### Work task
Leaving out the pictures, return word for word the stretch of entries below from the line holding "Обои вода, собаки, water, dogs" through the line holding "KONG Toughz double".

### Data for this exercise
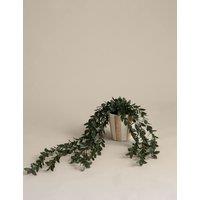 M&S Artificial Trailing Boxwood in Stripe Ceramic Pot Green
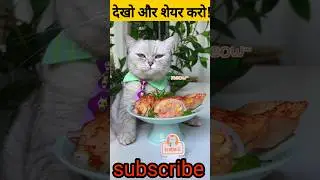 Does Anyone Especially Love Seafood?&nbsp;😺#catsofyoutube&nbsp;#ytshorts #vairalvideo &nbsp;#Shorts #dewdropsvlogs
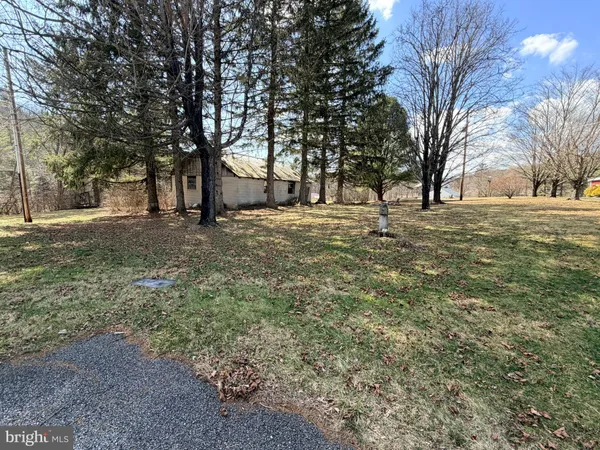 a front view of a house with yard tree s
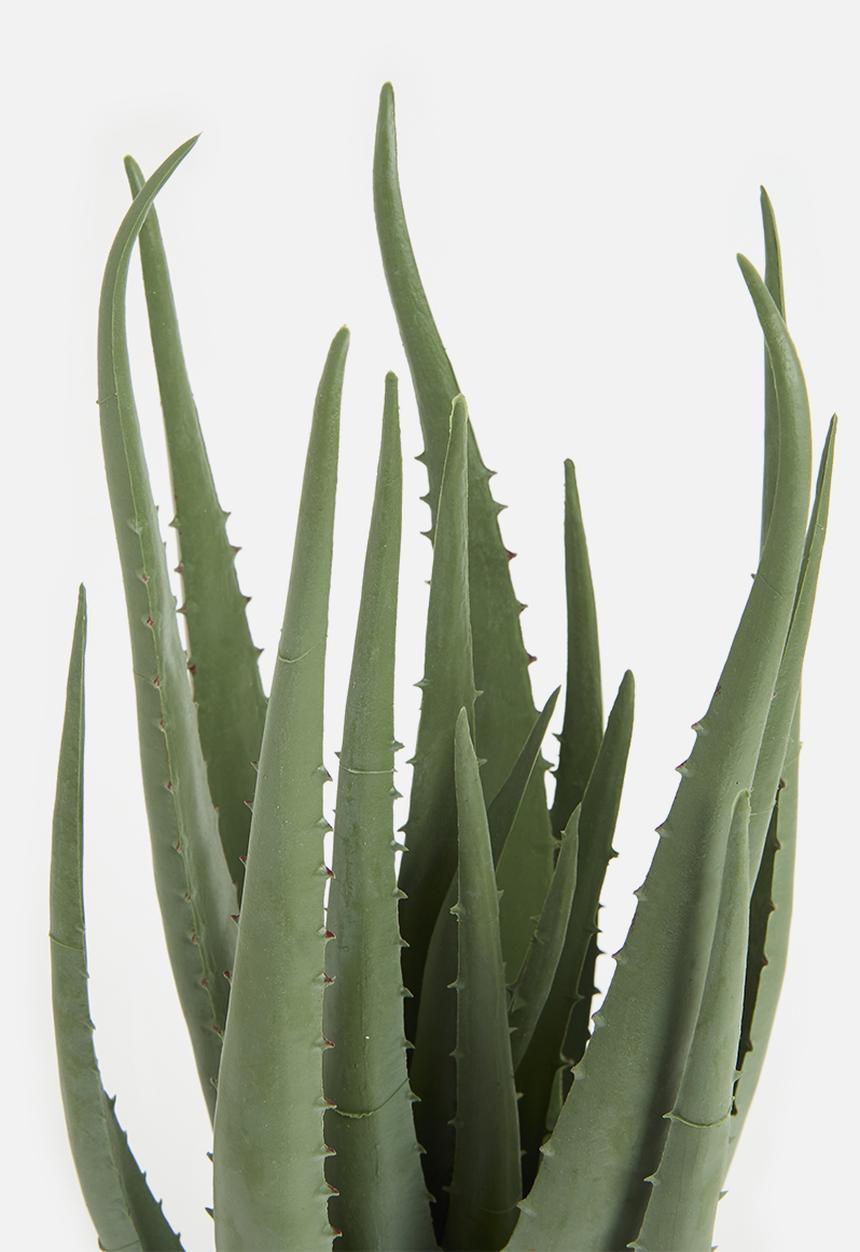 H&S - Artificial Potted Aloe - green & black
---
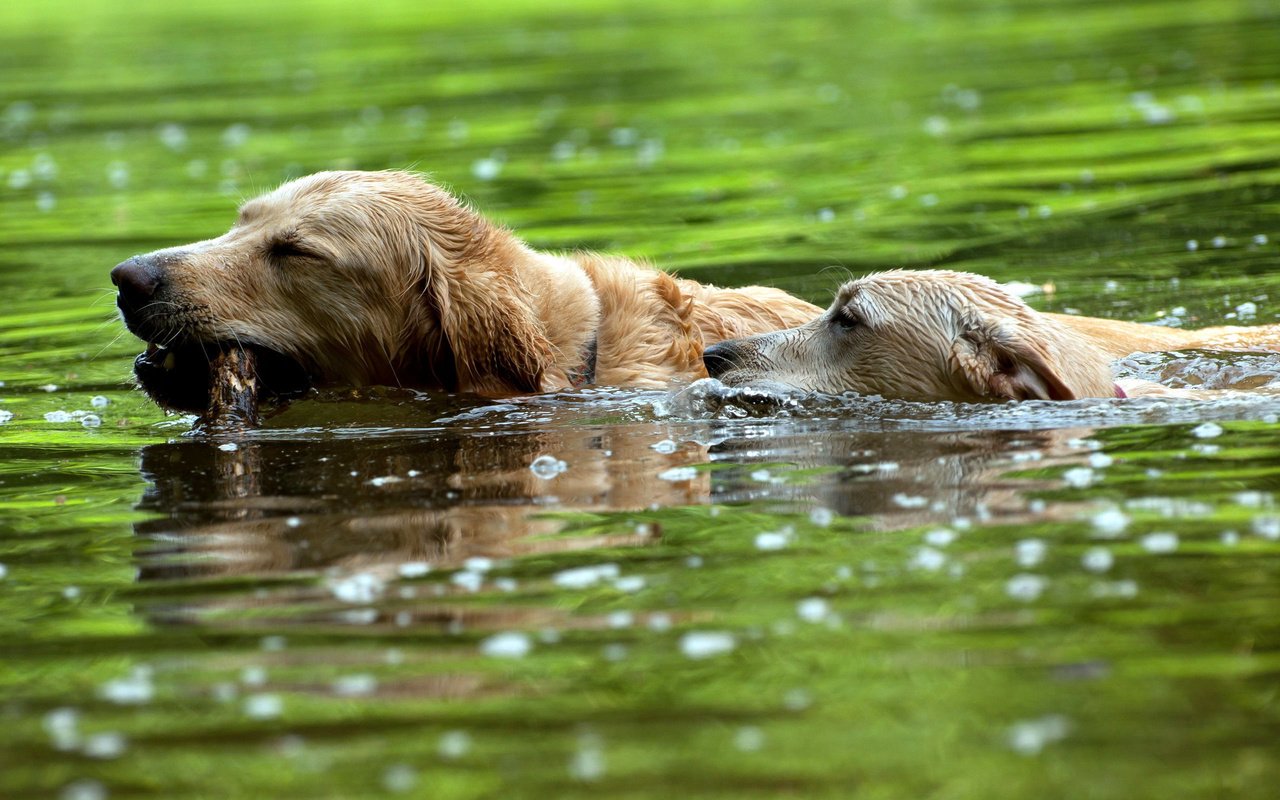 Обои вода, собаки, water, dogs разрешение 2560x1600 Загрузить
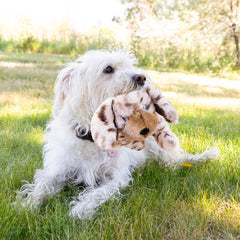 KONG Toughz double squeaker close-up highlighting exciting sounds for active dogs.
--
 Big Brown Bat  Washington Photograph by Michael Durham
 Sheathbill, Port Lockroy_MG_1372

### Your response
 Обои вода, собаки, water, dogs разрешение 2560x1600 Загрузить
 KONG Toughz double squeaker close-up highlighting exciting sounds for active dogs.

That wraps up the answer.